On the doors of some tombs, you'll see hats hanging, or perhaps there'll be a handbag or some other personal items left on the ledge in front of the door. As with the ancient Egyptians, the Torajans believe that their deceased loved ones 'need' these personal items to use in the afterlife.
On top of, or beside the boulders, you may see small structures shaped like the traditional tongkonan houses. These are biers used to transport the coffin from the place where the funeral is held to the burial place. A new bier is constructed for every person, and used only once, then left at the tomb site. Unlike the biers, the tombs may be used for more than one person. Generally, they're treated like family crypts and can be filled with dozens of coffins over many years.
The boulder tombs are just the simplest form of burial for the Torajans. Although the old Torajan royalty and upper classes no longer have any official roles, they still get star treatment in the afterlife. For one thing, instead of little boulders, royal tombs are carved into big cliff faces. But the really big difference are the tau tau. In addition to the tombs themselves, long balconies are carved into the solid rock. Along the balconies are placed wooden dolls called tau tau. The statues are about half life-size or a little bigger, and are dressed in clothes similar to the deceased person they represent. The arms of the statues are always outstretched, welcoming the descendants and others who come to visit. Originally, the tau tau were not intended to be exact representations of the dead, but the current trend is to make them look more like the dearly departed. Perhaps the most famous cliff tombs with tau tau are at Lemo, although there are also some interesting tombs at Buntao. The tau tau you will see are not the originals. European collectors long ago paid huge sums of money to buy the original statues from the families of the dead.

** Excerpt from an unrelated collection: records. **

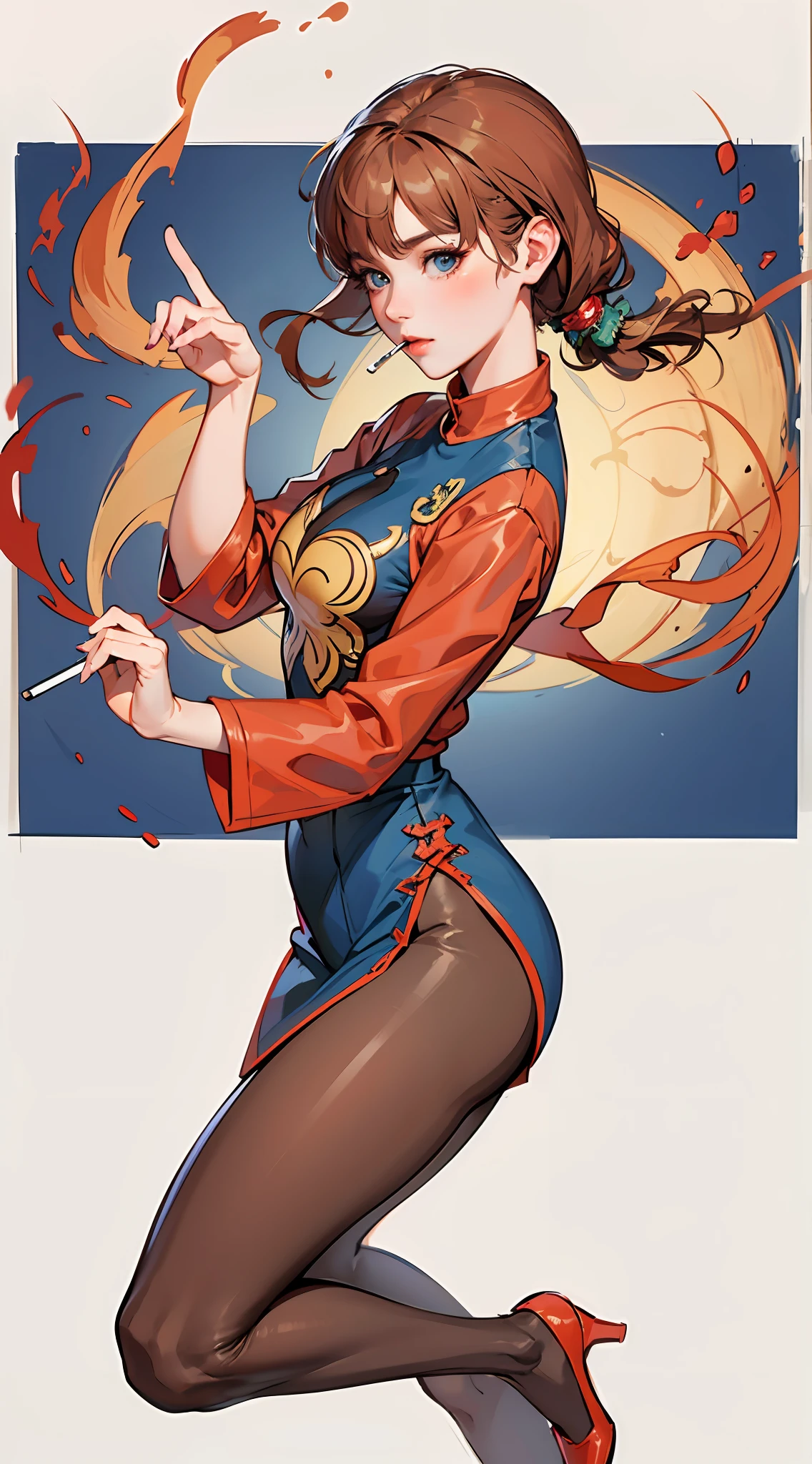 A woman in a red shirt and black pants holds a cigarette, Artgerm and James Jean, artgerm and lois van baarle, krenz cushart and artgerm, Artgerm and Ruan Jia, artgerm and ben lo and mucha, Artgerm and Atey Ghailan, Artgerm Plat, Style Artgerm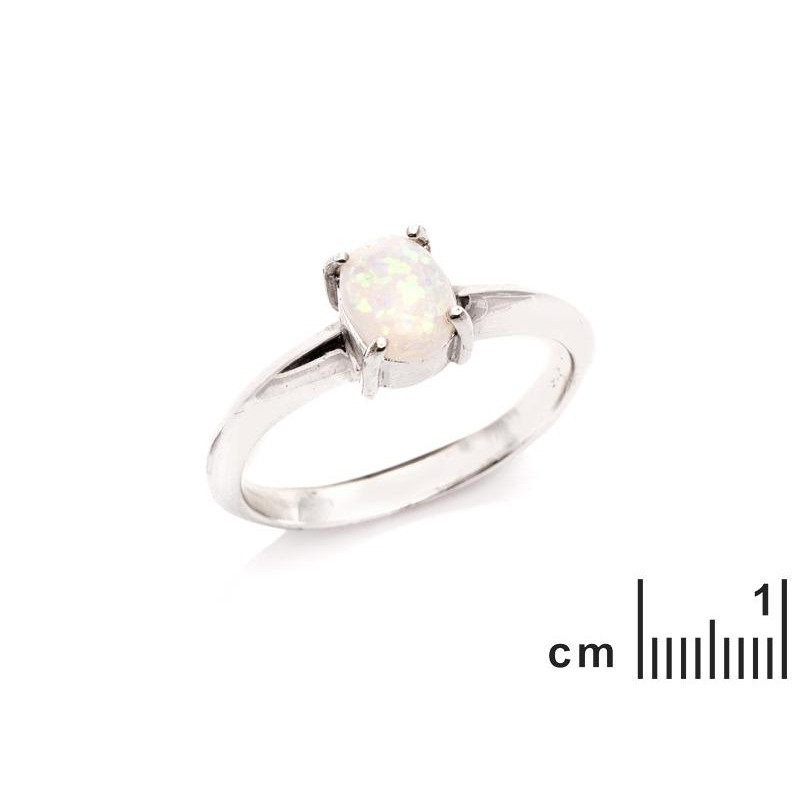 Anello opale bianco australiano ovale — per onorare la bellezza naturale — foto 1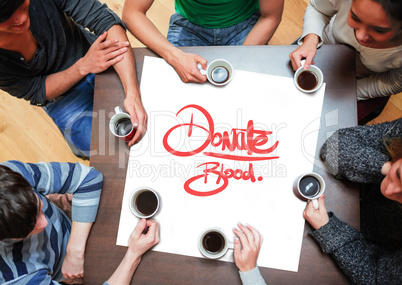 Composite image of people sitting around table drinking coffee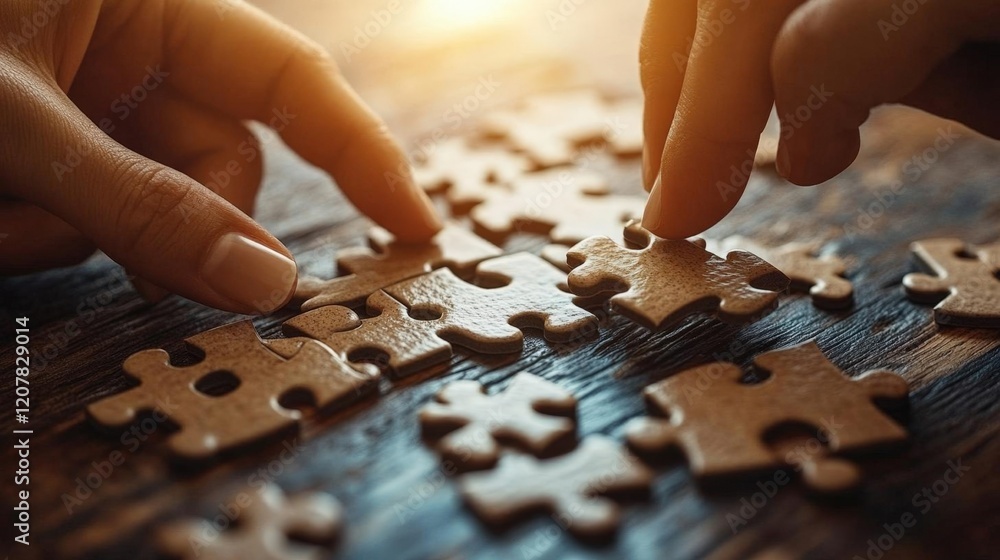 Poster two hands connecting puzzle pieces, symbolizing teamwork and collaborative problem-solving. close-up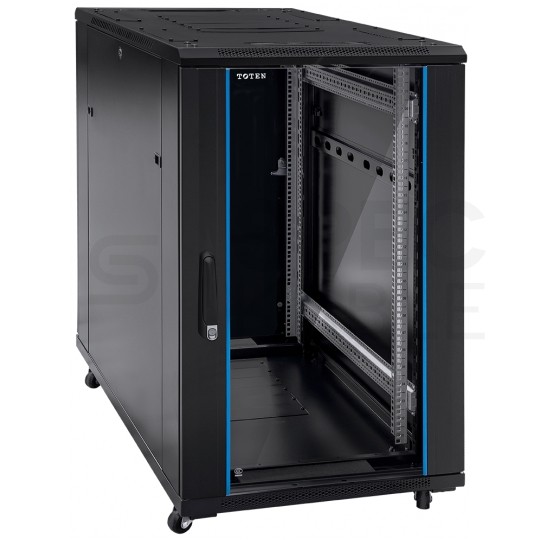 Szafa stojąca RACK 19" 22U 600x600mm drzwi szklane czarna TOTEN G7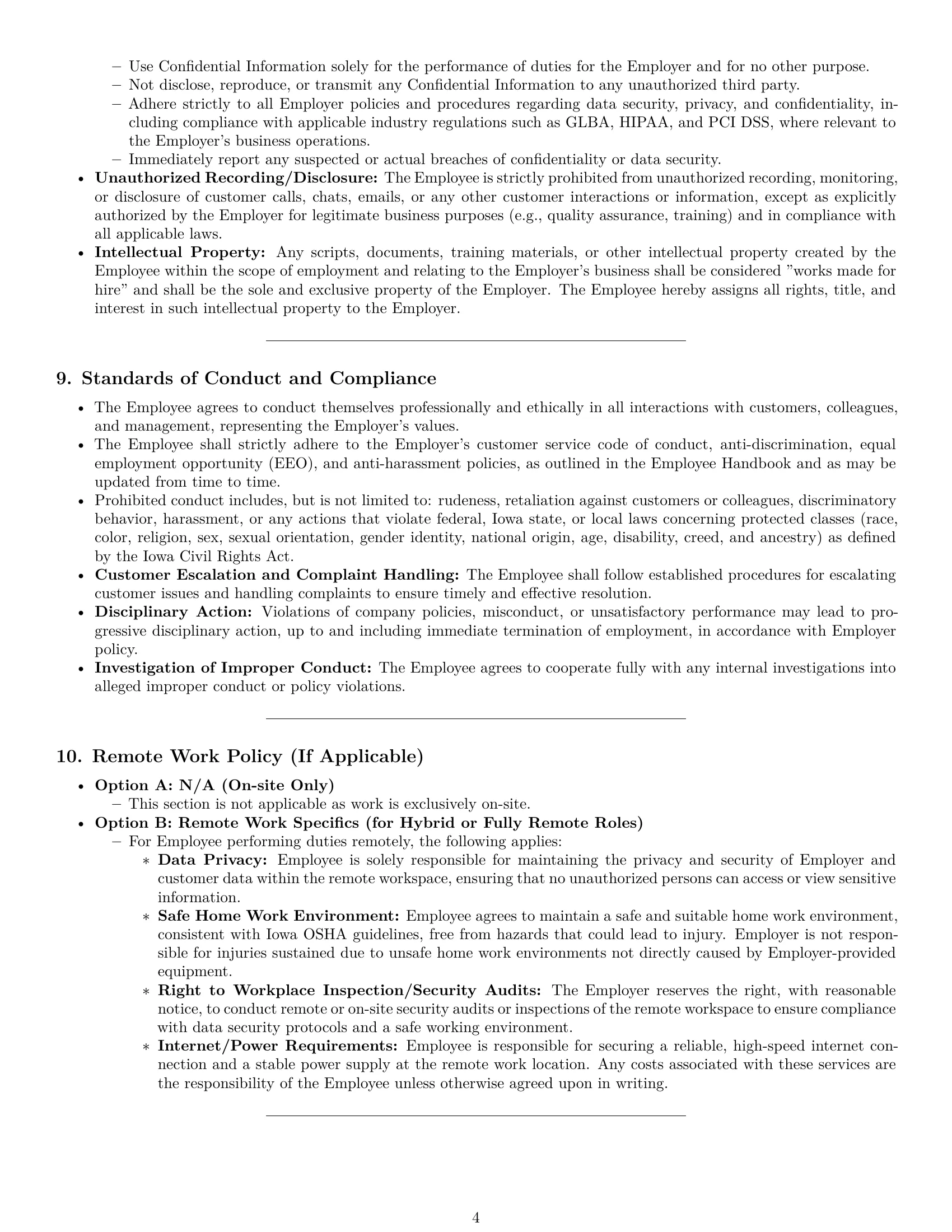 Preview page 4 of Pro Iowa customer service representative employment contract template
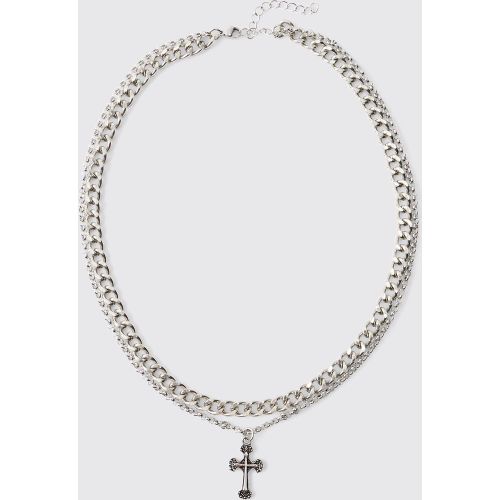 Collier à chaînes croisées en - ONE SIZE - Boohooman - Modalova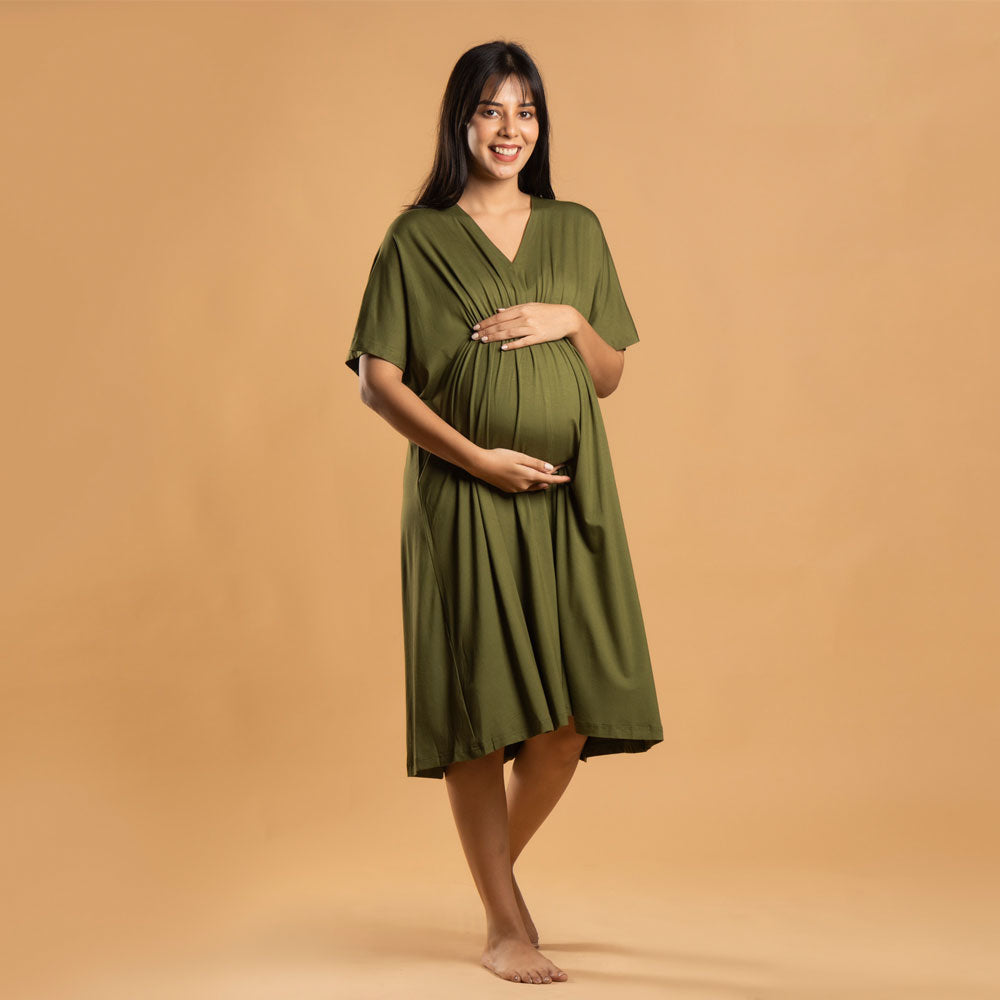 Block Hop Olive Kaftan Dress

There are even more variations on burial practices around Toraja. Near the woodworkers village at Ke'te Kesu is another cliff site, but instead of carving tombs into the rock, many of the coffins are placed on platforms suspended from the over-hanging face of the rock. The reasoning behind this practice is to prevent thieves from stealing precious items interred with the dead.
The cliff at Ke'te Kesu has clearly been used for a very long time. Some of the coffins have fallen down, and sit cracked open on the rubble beneath the cliff. To make space, descendants of the dead have collected their bones into big piles left exposed.
Down at Londa is what appears to be another cliff face tomb, but here there are also two caves which are also used to store coffins. At the front of the cliff is a huge pile of coffins. The coffins are simply left here to deteriorate and collapse, so that the base of the stack of coffins is nothing more than a deep pile of bones. Inside the caves, bones and coffins are stacked somewhat haphazardly in nooks and crannies. The same family has used these caves for more than 300 years, which is why there's such a large supply of coffins and bones.
Babies who have not yet begun to get their teeth are buried differently than adults. Instead of stone tombs, they get interred in trees. A niche is carved out of a large tree, usually high above the ground, and the dead infant is secreted inside. A canvas-like cloth mat is used to cover the niche, but eventually the bark of the tree will close over the hole and there will be no trace of the baby. Only certain trees are used for this type of burial. These are two species which have white sap, since white is a 'holy' color.
You will need to pay an entrance fee to see the tombs at Lemo, Buntao and Londa. In addition, at Londa you may need to pay for a guide with gas lamp to see the caves.